Il pleut à verse. Nous nous dirigeons vers le temple de Poyon, merveille bâtie au temps de la dynastie Koryo, au XIeme siècle. Le cadre est à couper le souffle et j’aurais voulu m’y arrêter toute ma vie ou presque. Je devais être la seule de cet avis car nous traversons le site au pas de charge (la pluie, le vent, le fait que ce ne soit pas un monument à la gloire du régime, que sais-je ?). Dans le minibus, notre guide est inquiète. L’après-midi doit être consacré à une « promenade en montagne » mais le temps ne le permettra sans doute pas. Elle nous propose une alternative : concert symphonique ? Oh oui, m’écriai-je. Oh non ! Rétorque un de mes compagnons de voyage. Pas de concert donc. Je suggère la visite du Palais des Enfants ? C’est lundi, donc impossible. Retour à l’Hôtel de Pyongyang pour préparer nos bagages ? Mouais….. je ne vais pas passer 5 heures à fermer ma petite valise.

Mt Myohyang

Nous en sommes là de nos réflexions lorsque nous arrivons au « Salon d’exposition de l’amitié internationale », bâtiment imposant qui accueille les cadeaux offerts aux Grands Dirigeants sur trois générations. A chaque arrêt touristique, une guide locale nous accueille. C’est le cas ici également et je dois dire que celle qui nous est attribuée aujourd’hui est particulièrement remarquable. Non par sa beauté – qui est éclatante – ni par sa robe traditionnelle – c’est traditionnel – mais par sa ferveur et son sourire. Contrairement aux autres guides locales qui se contentaient de réciter une leçon bien apprise, celle-ci donnait l’impression de créer un réel contact humain et de vouloir nous envelopper dans l’Amour rayonnant du Juche et de Ses Prophètes.

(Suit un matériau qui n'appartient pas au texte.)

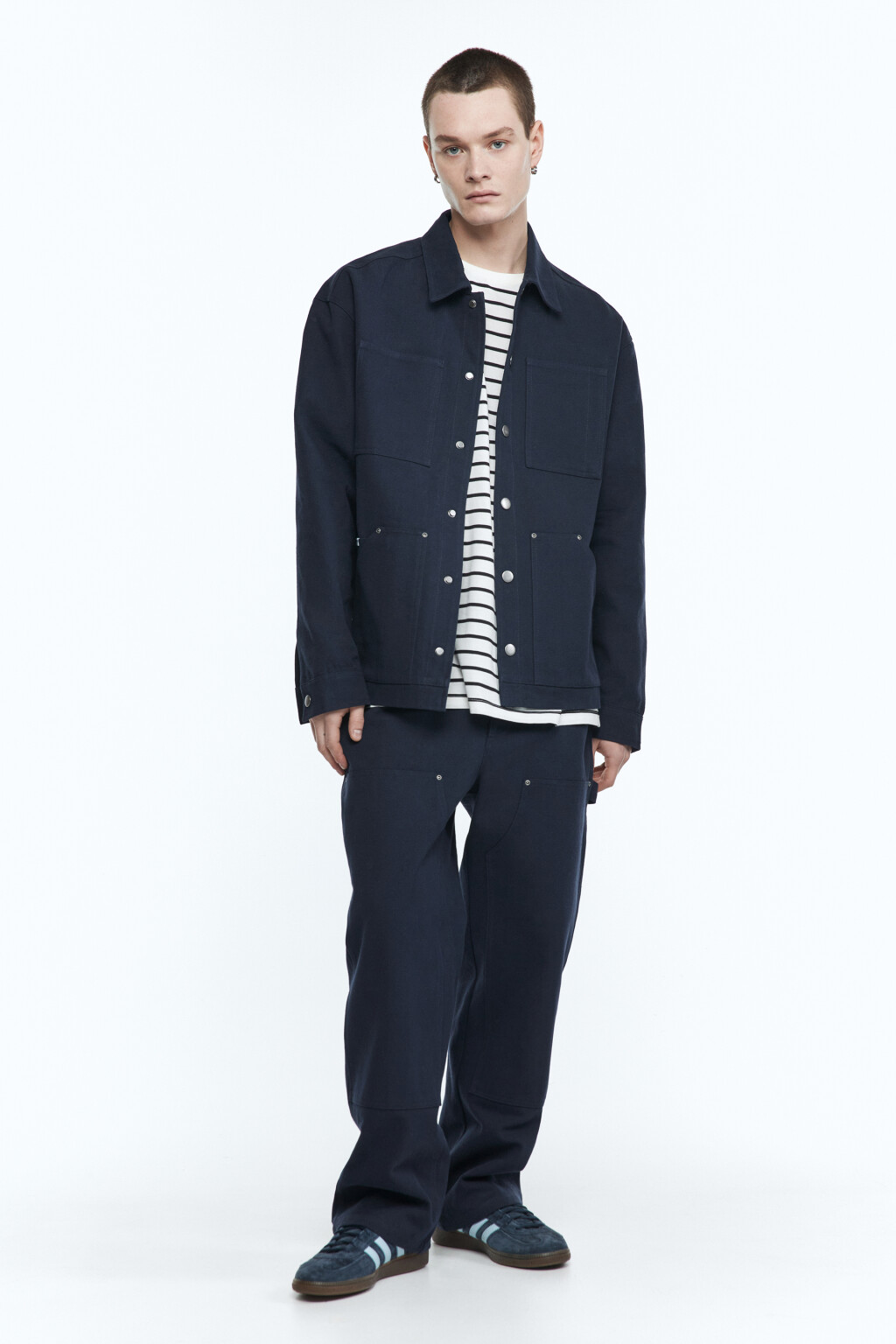 Джинсы прямые с заклепками и открытыми срезами - цвет синий - 5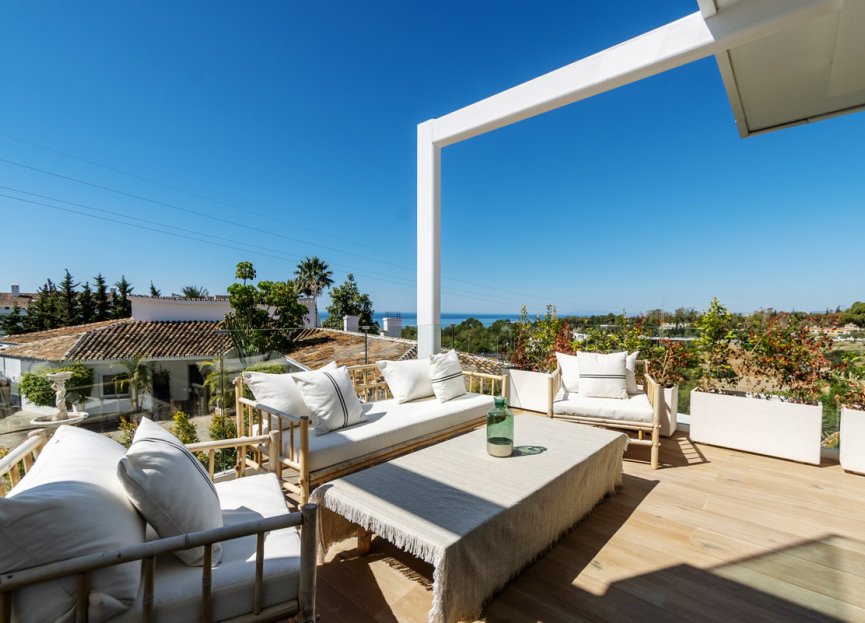 Resale - House - Detached Villa - Marbella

Palais des cadeaux de l’amitié

Le bâtiment est impressionnant vu de l’extérieur, et encore plus de l’intérieur. Il est sans doute en partie creusé dans la roche. Les photos y sont interdites, hélas. Tout de marbre et de dorure, il comporte des centaines de pièces renfermant, dans des vitrines, les cadeaux les plus extraordinaires offerts au cours des ans à Kim I, Kim II et Kim III. Nous avons visité uniquement une partie de ceux destinés à Kim-Il-Sung. Les salles sont organisées par continent et ensuite par pays. Nous pouvions demander à voir un pays du monde quelconque – nous avons choisi l’Inde un peu au hasard, puis elle nous a menés dans les salles de la France et de la Suisse. Ça allait du beau vase en cristal offert par François Mitterand à la pièce d’or célébrant le 700ème anniversaire de la Confédération envoyé par Flavio Cotti. Plusieurs cadeaux ne mentionnaient pas le nom du donateur, simplement son titre. P.ex. Doyen des Sciences Sociales de la Faculté de *****. Il y avait également beaucoup de cadeaux d’entreprise. J’ai souri intérieurement en voyant un couteau Victorinox offert, si je ne m’abuse, par le Président de l’Association d’Amitié Suisse – Corée, un certain Martin L*. Je ne censure pas volontairement son nom, simplement je ne suis pas certaine de l’avoir compris correctement. Je ne maîtrise pas encore l’Allemand avec accent coréen. C’est une véritable caverne d’Ali Baba ! Nous passons devant des armes dorées, des tableaux, des peaux d’ours, présents de tout ce que la terre a compté de dictateurs ou présidents, avec une belle moissons de représentants de l’Europe de l’Est Ceaucescu, Honecker, Jaruselski, Brejnev, etc.

Myohyang

La pièce maitresse est un avion Ilyushin, cadeau de la Russie soviétique, ou peut-être un maillot des Harlem Globe Trotters offert par Dennis Rodman, ou la peau d’un ours tué par Tito ? (Je me perds dans les détails. Il serait amusant de posséder un inventaire complet).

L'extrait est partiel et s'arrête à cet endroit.